BJP veteran leader L.K. Advani’s “arrest me as well” challenge on the floor of Parliament and his eloquent declaration to launch a nation-wide rath yatra against corruption need to be seen against this backdrop. Although the Supreme Court ruling in the Gujarat communal riot case brought some psychological respite to Narendra Modi and gave some breathing space to the BJP, nonetheless, the court ruling also marked a subtle setback to Mr Advani’s life-long political ambition to enter 7, Race Course Road as the possibility of projecting Mr Modi as a prospective party candidate for prime ministership brightened.

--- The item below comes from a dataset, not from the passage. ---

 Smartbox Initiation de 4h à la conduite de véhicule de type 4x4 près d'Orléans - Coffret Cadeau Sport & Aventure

It is apparent that the BJP, and Mr Advani in particular, have always been euphoric about rath rides to work miracles at the hustings. Undoubtedly Mr Advani’s first rath yatra helped his party in improving its political fortunes, though the extent of damage it did to India’s socio-cultural and political fabric is unparalleled and definitely beyond repair. Mr Advani’s 1990 rath yatra — from Somnath, Gujarat, to Ayodhya, Uttar Pradesh — sowed the seeds of communal malice, completely shattering India’s accommodative, tolerant and synthetic cultural edifice so painstakingly weaved bit by bit over centuries!
The concept of rath yatra in the domain of Indian electoral politics is essentially the brainchild of N.T. Rama Rao who had effectively capitalised on his celluloid image of a mythological hero with divine powers and used his legendary “Chaitanya Ratham” as a tool for political mobilisation. Unlike the sectarian, divisive message spread by Mr Advani’s yatra, NTR sought to unite the people of Andhra Pradesh, symbolising the region as Telugu talli (Telugu mother) and invoking the twin sentiments of Telugu pride and Telugu jaati (Telugu community) as political slogans that virtually bundled out the Congress from the state political scene.

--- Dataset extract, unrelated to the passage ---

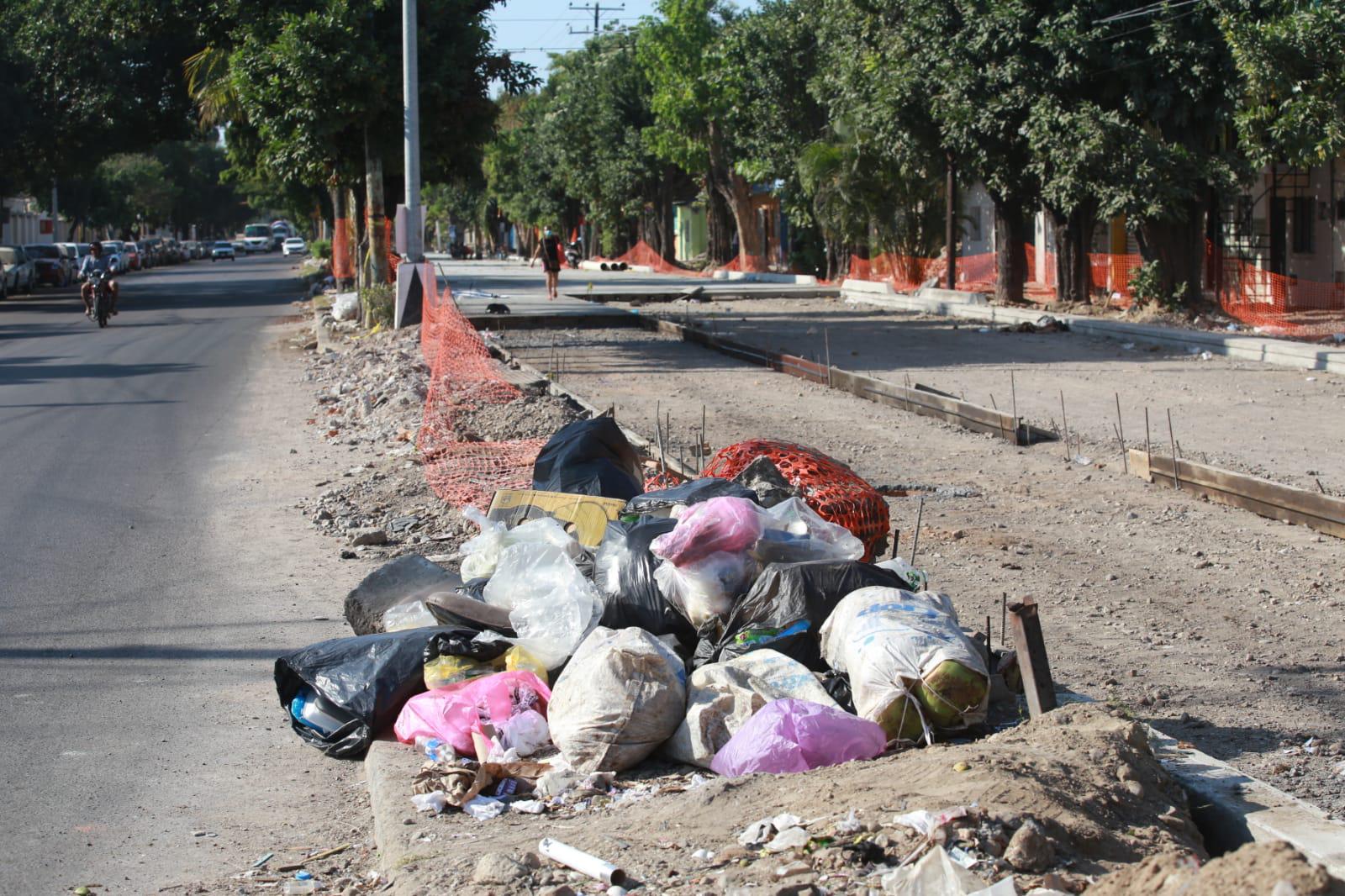 $!Deja Gobierno de ‘El Químico’ millonarios adeudos con constructuras; no hay dinero para terminar la rehabilitación de la Emilio Barragán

Drawing inspiration from NTR, Mr Advani ventured to orchestrate a similar exercise, unfortunately to push the Indian society into fear and turbulence. Curiously enough, his pedantic formulation of concepts such as “pseudo-secularism” and “minorityism” have worsened the situation.
How far the proposed anti-corruption yatra helps the BJP realise its political dreams remains to be seen. Equally important to watch is whether the proposed yatra will really carry forward Anna Hazare movement’s underlying quest for a corruption-free society in India, or simply turn into yet another political gimmick. Will it address the issue of two BJP-ruled states where the chief ministers had to exit on account of corrupt practices? Or will it, to begin with, resort to an organisational scan in order to clean up the party of the vestiges of bribery that cost the party its president Bangaru Laxman (he had to leave office even before properly settling down after being caught with the booty in a Tehelka sting operation)?

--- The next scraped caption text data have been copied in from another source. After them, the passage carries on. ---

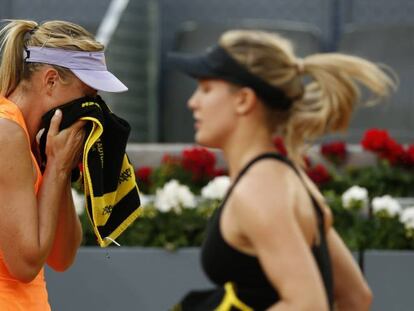 Sharapova y Bouchard, durante una pausa del partido.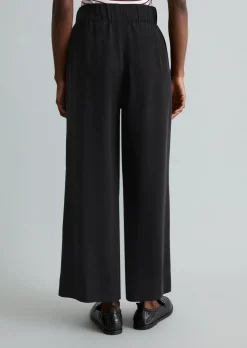 Hose relaxed aus LENZING™ Lyocell
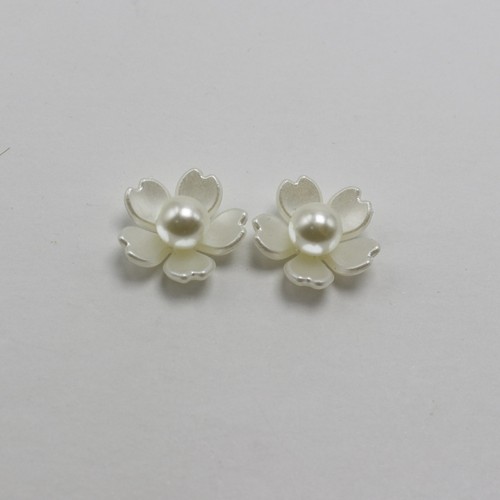 Craft DIY Ivory Pearl Flower-shaped Buttons for Jewelry Making Craft Sewing - Picture 8 of 13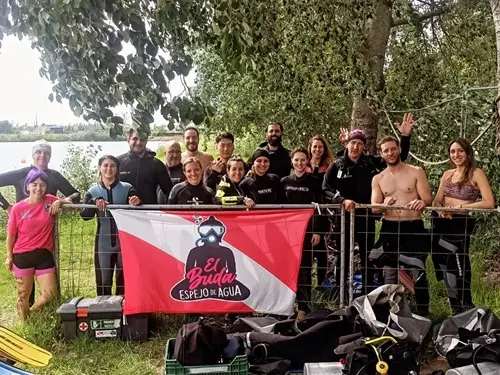 Foto del grupo de buceadores en espejo de agua El Buda. Diciembre 2023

It may augur well if the movement for a “corruption-free India” starts from the saffron home itself, by the BJP making public the fate of the huge public donations that poured into its coffers for the construction of a Ram mandir in Ayodhya. The gesture will go a long way in impressing upon the powers that be the significance of the issue of black money in foreign banks.
Intriguingly, Mr Advani has chosen an issue of wider concern that cuts across political divides. But the moot question that irks the common mind is how far the yatra, given the sectarian outlook of its charioteers, will be successful in generating an all-inclusive movement.
The heterogeneous and multicultural characteristics of our society cannot be glossed over. No bigoted political outfit, like the BJP, can sustain such a society, and no insular yatra, like the one the BJP plans to undertake, can generate the desired popular fervour. In electoral calculations, pragmatism coupled with accommodative spirit has always proved to be a successful strategy and the success story of the Congress under Nehru’s leadership is testimony to this.
Unfortunately, the sectarian tendencies that developed in the Congress’ style of governance in the post-Nehru phase essentially derailed the party from its secular-democratic path, resulting in a gradual displacement of its large support bases — minorities and dalits. This in effect marked the beginning of the steady Congress drift into a virtual political wilderness.
The consensus culture of the Nehruvian variety is the need of the hour. BSP chief Mayawati’s effort at emulating that consensus model, in a new garb called “social engineering”, to attain political nirvana is a glaring example.
But is the BJP leadership prepared for a change of heart? In fact, both Bangaru Laxman and Nitin Gadkari, soon after taking charge of the party, raised an olive twig, indicating the party’s desire to create space for Muslims, dalits and other minorities. However, what deterred them from completing the virtuous task remains a mystery. To reserve a place in the pantheon of secular-democratic politics, the BJP needs to exorcise itself of the demon of divisiveness and change its perspective so that it is able to see things in a frame of social solidarity, recognising human rights and distributive justice as the ideals.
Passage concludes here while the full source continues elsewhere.